[Opening DATASET RECORDS section]

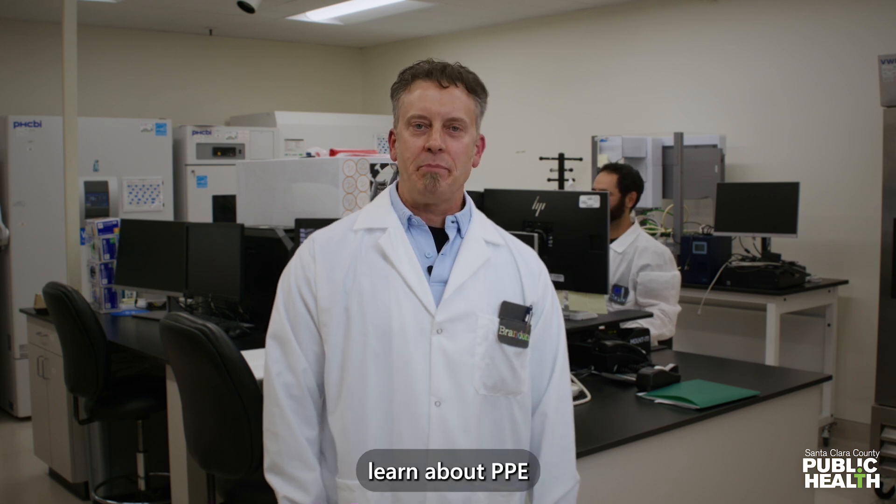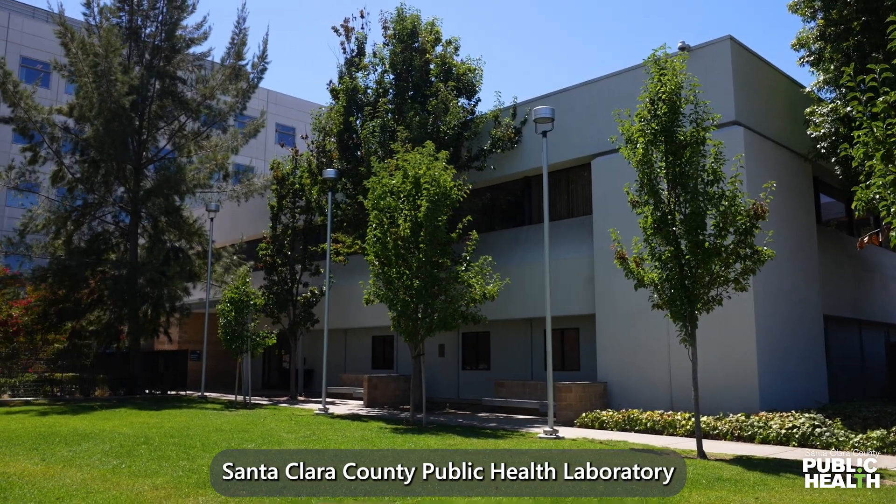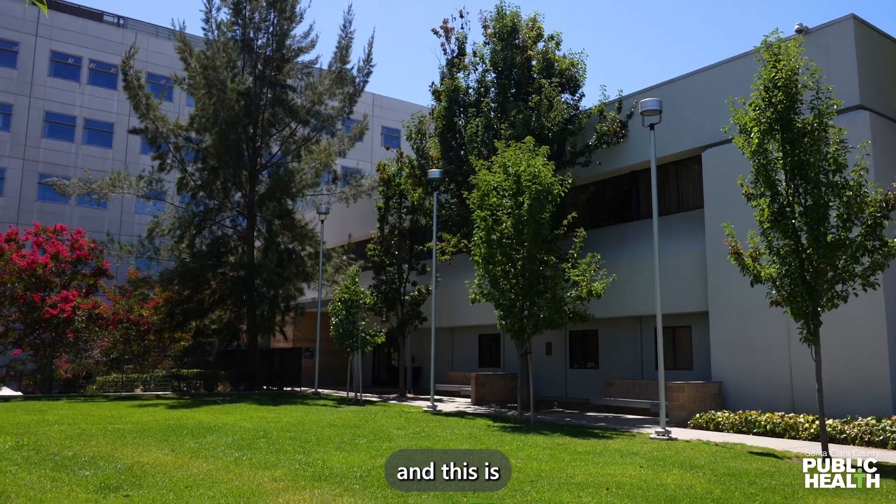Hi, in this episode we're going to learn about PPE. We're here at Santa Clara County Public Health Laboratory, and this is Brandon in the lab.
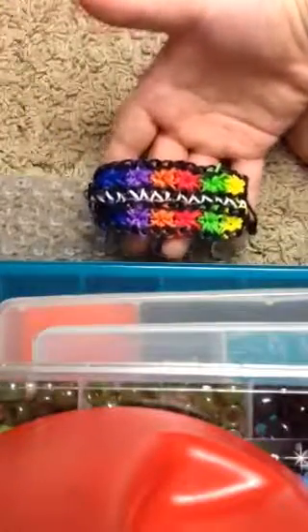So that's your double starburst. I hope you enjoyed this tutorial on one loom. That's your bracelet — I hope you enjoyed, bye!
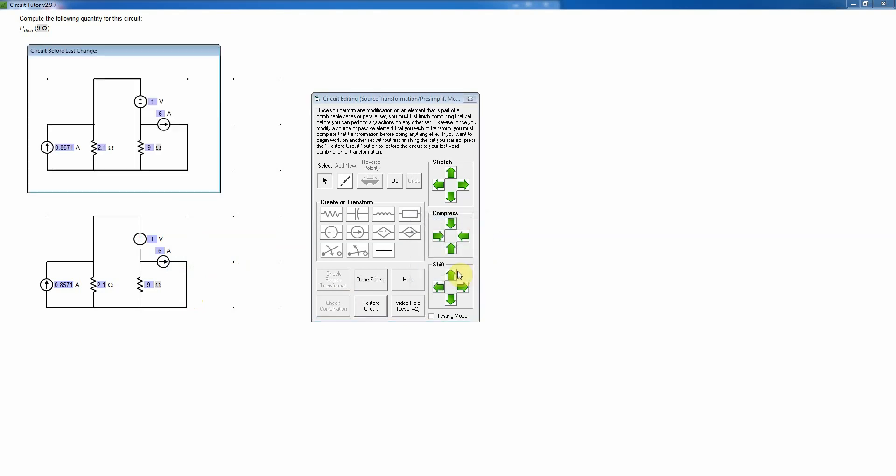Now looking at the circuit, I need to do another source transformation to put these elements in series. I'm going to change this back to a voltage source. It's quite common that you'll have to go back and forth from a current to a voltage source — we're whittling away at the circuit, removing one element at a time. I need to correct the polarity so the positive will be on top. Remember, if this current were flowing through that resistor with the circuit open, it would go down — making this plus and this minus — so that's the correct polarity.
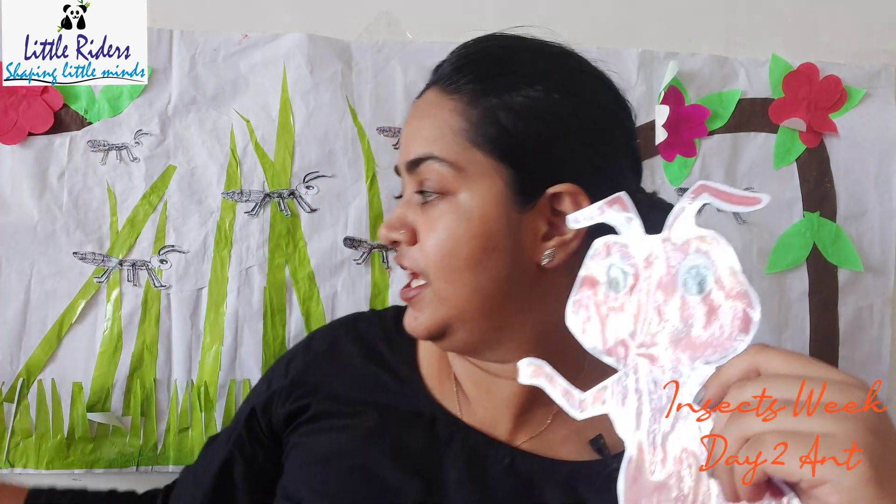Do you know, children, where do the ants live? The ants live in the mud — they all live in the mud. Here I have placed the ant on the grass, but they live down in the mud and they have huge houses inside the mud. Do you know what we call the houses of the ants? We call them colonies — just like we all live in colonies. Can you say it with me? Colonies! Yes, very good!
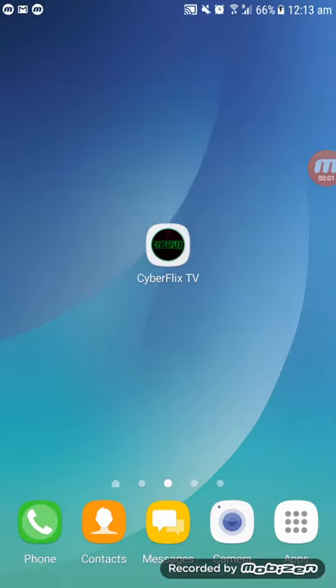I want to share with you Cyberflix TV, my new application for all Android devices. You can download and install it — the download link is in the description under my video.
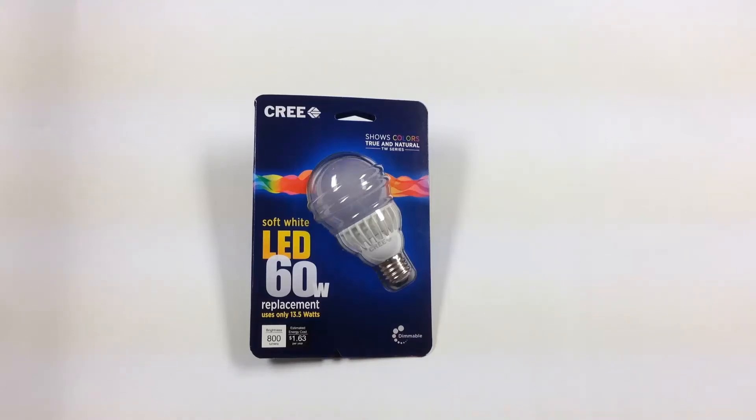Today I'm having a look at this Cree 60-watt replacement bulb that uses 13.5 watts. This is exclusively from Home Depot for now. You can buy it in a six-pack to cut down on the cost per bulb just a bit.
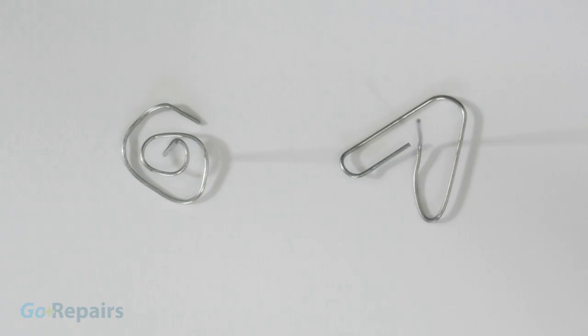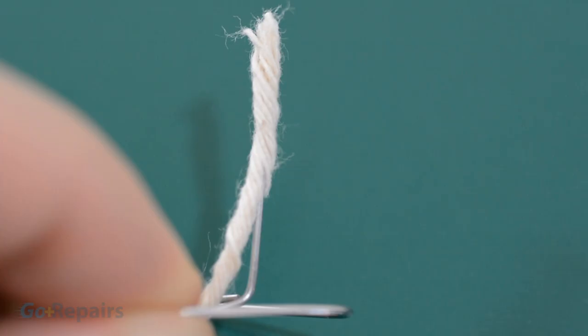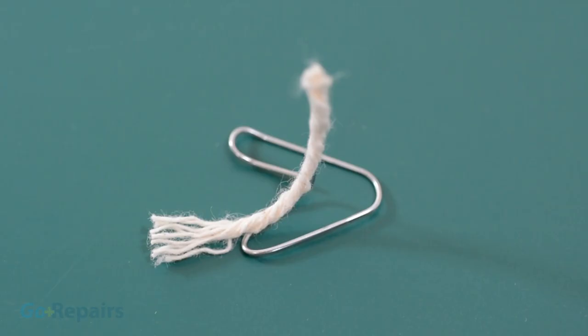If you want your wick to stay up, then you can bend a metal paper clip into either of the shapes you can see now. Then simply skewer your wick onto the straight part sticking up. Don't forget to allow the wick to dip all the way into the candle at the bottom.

[Closing DATASET RECORDS section]

■ PROBLEM REQUIREMENTS: Each record should be printed exactly as it appears, leaving the pictures out.

■ ANSWER TO THIS PROBLEM:
Hi, in this episode we're going to learn about PPE. We're here at Santa Clara County Public Health Laboratory, and this is Brandon in the lab.
So that's your double starburst. I hope you enjoyed this tutorial on one loom. That's your bracelet — I hope you enjoyed, bye!
Now looking at the circuit, I need to do another source transformation to put these elements in series. I'm going to change this back to a voltage source. It's quite common that you'll have to go back and forth from a current to a voltage source — we're whittling away at the circuit, removing one element at a time. I need to correct the polarity so the positive will be on top. Remember, if this current were flowing through that resistor with the circuit open, it would go down — making this plus and this minus — so that's the correct polarity.
Do you know, children, where do the ants live? The ants live in the mud — they all live in the mud. Here I have placed the ant on the grass, but they live down in the mud and they have huge houses inside the mud. Do you know what we call the houses of the ants? We call them colonies — just like we all live in colonies. Can you say it with me? Colonies! Yes, very good!
I want to share with you Cyberflix TV, my new application for all Android devices. You can download and install it — the download link is in the description under my video.
Today I'm having a look at this Cree 60-watt replacement bulb that uses 13.5 watts. This is exclusively from Home Depot for now. You can buy it in a six-pack to cut down on the cost per bulb just a bit.
If you want your wick to stay up, then you can bend a metal paper clip into either of the shapes you can see now. Then simply skewer your wick onto the straight part sticking up. Don't forget to allow the wick to dip all the way into the candle at the bottom.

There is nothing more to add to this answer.